Чтобы выразить свои впечатления, она выбирает слова, судя по их внутреннему значению, а не общепринятому использованию… Сосредоточившись на впечатлении, которым она обладает и которое хочет донести, она откладывает на время привычную манеру употребления слов, в ожидании слов или группы слов, которые должны выплыть из подсознания на поверхность и в полной мере выразить желаемый смысл.
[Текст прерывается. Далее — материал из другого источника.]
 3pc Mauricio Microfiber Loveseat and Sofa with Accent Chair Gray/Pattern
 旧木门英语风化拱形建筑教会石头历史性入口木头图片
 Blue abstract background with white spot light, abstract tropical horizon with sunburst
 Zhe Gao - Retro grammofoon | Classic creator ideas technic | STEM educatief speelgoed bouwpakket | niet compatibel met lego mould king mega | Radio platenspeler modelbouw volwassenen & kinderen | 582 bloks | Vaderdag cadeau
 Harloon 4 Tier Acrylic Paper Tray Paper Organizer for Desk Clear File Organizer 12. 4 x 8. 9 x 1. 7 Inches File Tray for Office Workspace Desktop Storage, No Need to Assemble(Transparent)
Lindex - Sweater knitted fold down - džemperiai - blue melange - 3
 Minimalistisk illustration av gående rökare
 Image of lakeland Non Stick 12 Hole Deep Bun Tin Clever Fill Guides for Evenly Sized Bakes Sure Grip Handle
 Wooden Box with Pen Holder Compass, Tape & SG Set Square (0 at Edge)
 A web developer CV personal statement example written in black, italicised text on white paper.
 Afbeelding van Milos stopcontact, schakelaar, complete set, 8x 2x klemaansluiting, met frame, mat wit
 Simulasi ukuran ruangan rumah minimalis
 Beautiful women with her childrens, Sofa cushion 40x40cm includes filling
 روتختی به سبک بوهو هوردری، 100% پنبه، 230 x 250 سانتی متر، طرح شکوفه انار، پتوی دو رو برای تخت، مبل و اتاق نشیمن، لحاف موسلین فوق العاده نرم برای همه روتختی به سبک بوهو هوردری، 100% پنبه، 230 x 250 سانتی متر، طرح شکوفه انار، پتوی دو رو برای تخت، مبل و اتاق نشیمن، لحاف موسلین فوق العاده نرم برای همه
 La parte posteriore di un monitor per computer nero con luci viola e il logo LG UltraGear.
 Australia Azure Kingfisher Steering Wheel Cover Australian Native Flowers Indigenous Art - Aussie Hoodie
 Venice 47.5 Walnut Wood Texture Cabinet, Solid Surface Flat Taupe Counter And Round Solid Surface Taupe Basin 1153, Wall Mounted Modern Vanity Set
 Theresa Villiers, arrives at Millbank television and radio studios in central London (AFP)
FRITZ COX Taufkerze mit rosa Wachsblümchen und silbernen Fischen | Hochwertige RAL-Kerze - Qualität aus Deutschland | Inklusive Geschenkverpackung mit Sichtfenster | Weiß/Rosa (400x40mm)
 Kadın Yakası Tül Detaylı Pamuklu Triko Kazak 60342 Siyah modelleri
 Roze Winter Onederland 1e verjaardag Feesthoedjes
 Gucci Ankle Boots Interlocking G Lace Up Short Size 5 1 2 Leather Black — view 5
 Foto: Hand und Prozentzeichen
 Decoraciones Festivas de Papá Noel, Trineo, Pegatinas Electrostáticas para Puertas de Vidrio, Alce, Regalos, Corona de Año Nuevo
Тогда и только тогда она прикладывает свои соображения к ним, проверяя, взвешивая и измеряя их способность выразить то, что она хочет выразить. Очевидно действенное доказательство бергсоновской теории интуиции. Она не охотится за словами — она ждет и дозволяет им самим придти к ней; так и происходит. <…>
Невозможно определить или описать целиком и полностью любое новое проявление в эстетике или литературе, нечто совсем недавнее, как, например, работы Пикассо или Гертруды Стайн; все, что мы можем сделать, это посоветовать в мелочах, сравнить и затем отступить в сторону.
Понять их — дело личного опыта и знания; никто не может быть поводырем другому. Прежде чем думать, надо прочувствовать, и это первый шаг в направлении опыта, потому что чувство есть начало знания, действия. Первое впечатление неважно. Кого-то оно шокирует, изумит или ужаснет; кому-то откроет глаза, доставит удовольствие, даст стимул, кого-то заинтригует.